> [Your objective]: Reproduction of part of the material below, pictures omitted: copy exactly, and only, the lines starting with the one with "Detail of grey" and going on through the one with "Blick auf mehrere".

> [Data for review]:
= = = = = = =

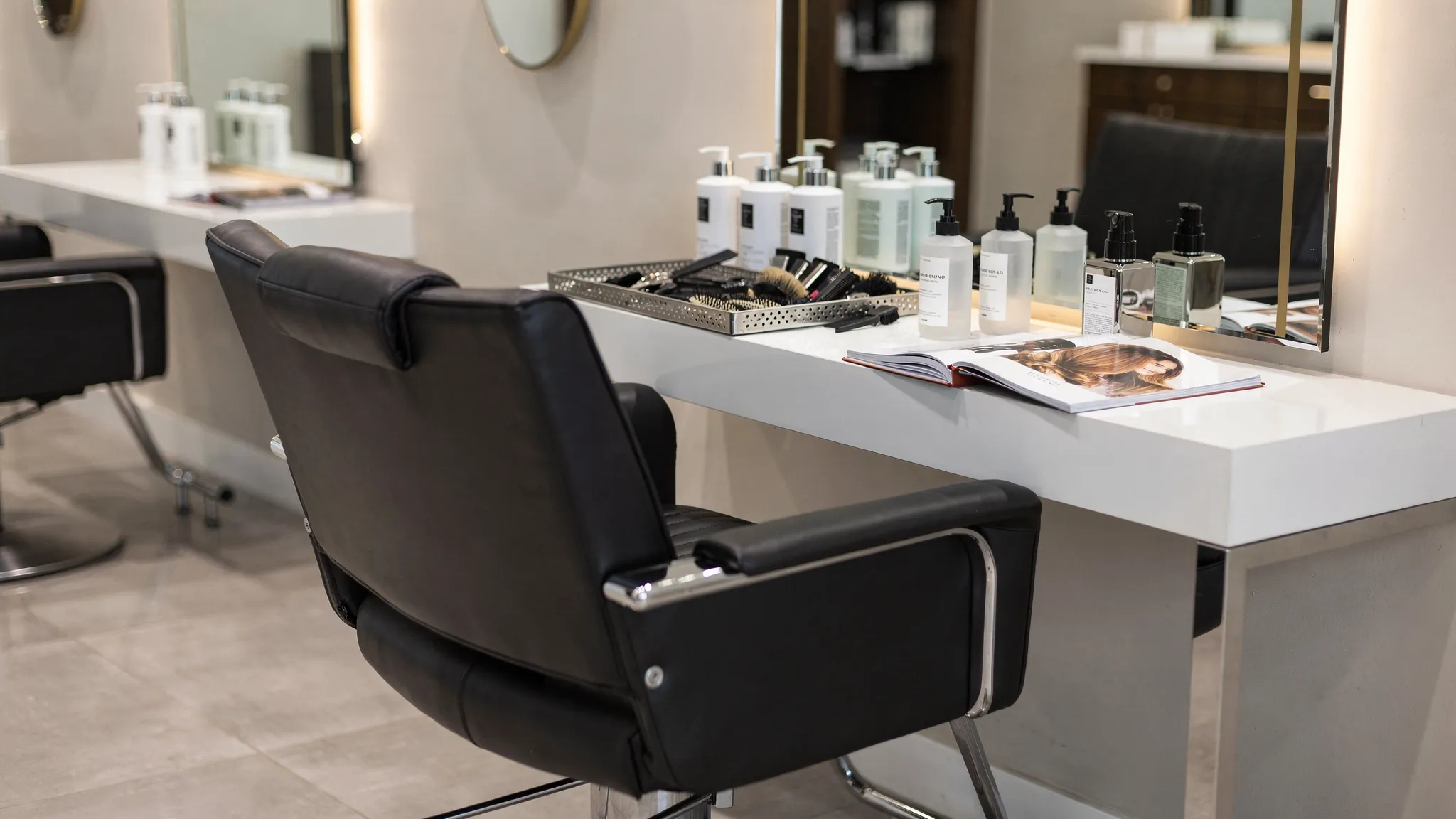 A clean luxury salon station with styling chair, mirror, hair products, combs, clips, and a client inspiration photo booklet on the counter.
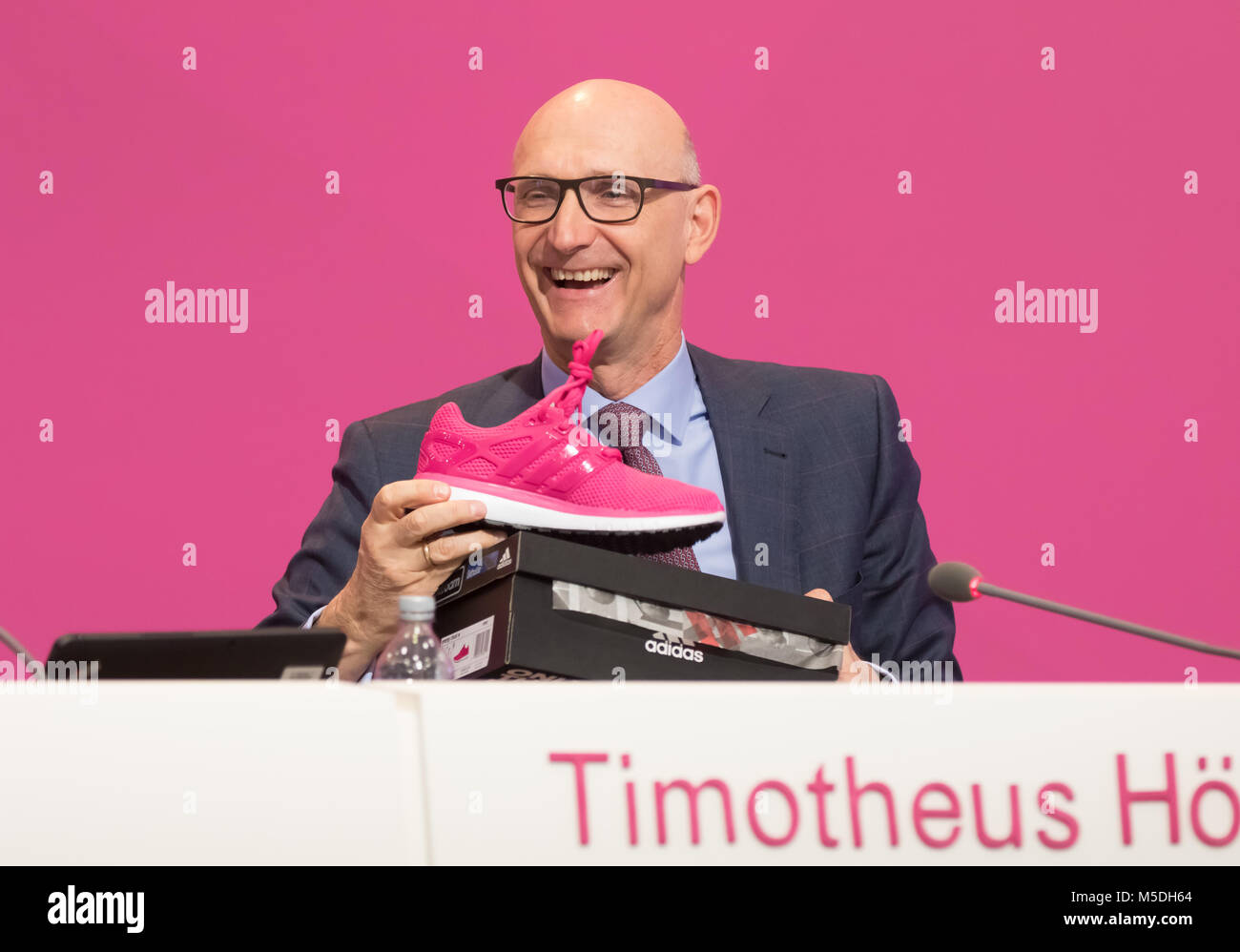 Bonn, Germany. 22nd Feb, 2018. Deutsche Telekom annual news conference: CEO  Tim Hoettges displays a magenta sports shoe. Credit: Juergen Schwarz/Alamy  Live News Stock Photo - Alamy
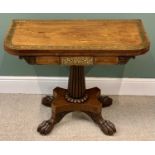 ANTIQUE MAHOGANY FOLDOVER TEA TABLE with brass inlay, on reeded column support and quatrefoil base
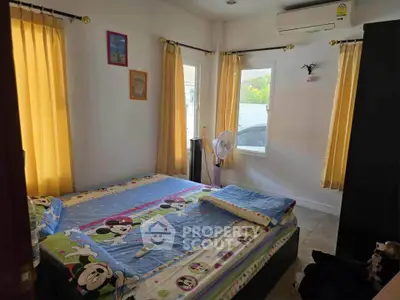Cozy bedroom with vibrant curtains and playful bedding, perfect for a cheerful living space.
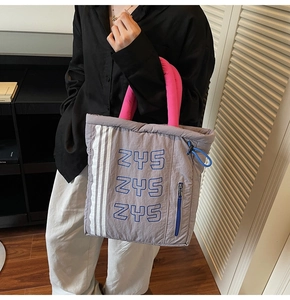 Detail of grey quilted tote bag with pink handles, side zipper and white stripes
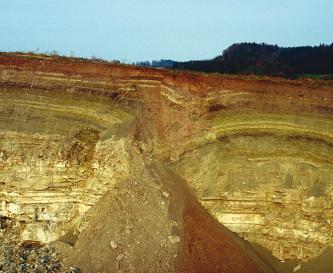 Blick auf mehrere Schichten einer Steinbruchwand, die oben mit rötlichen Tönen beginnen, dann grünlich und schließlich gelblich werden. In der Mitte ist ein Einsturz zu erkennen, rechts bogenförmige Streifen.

= = = = = = =

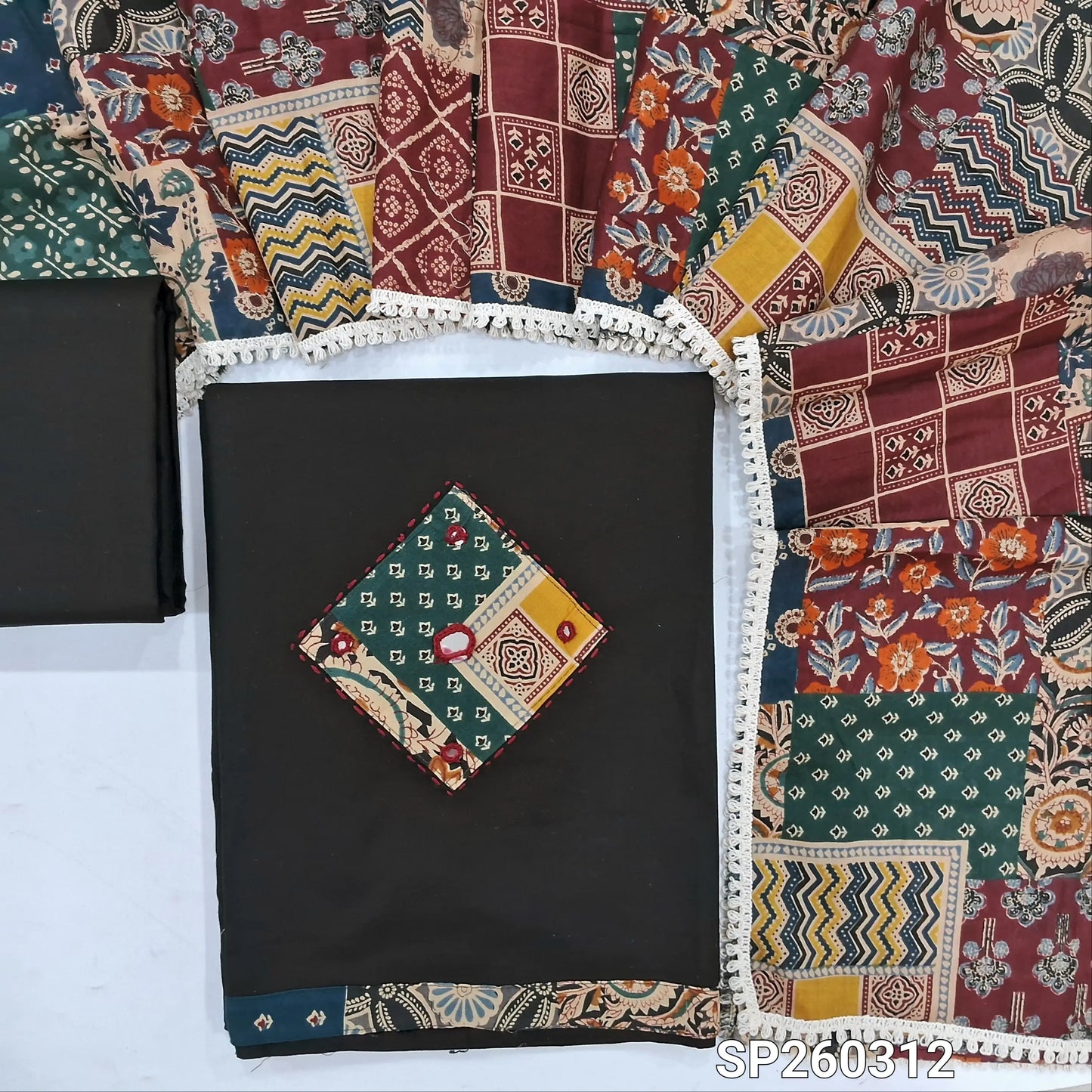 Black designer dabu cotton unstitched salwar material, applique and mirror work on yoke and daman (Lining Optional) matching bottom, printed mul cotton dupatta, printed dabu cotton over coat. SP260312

= = = = = = =

> [Task response]:
 Detail of grey quilted tote bag with pink handles, side zipper and white stripes
 Blick auf mehrere Schichten einer Steinbruchwand, die oben mit rötlichen Tönen beginnen, dann grünlich und schließlich gelblich werden. In der Mitte ist ein Einsturz zu erkennen, rechts bogenförmige Streifen.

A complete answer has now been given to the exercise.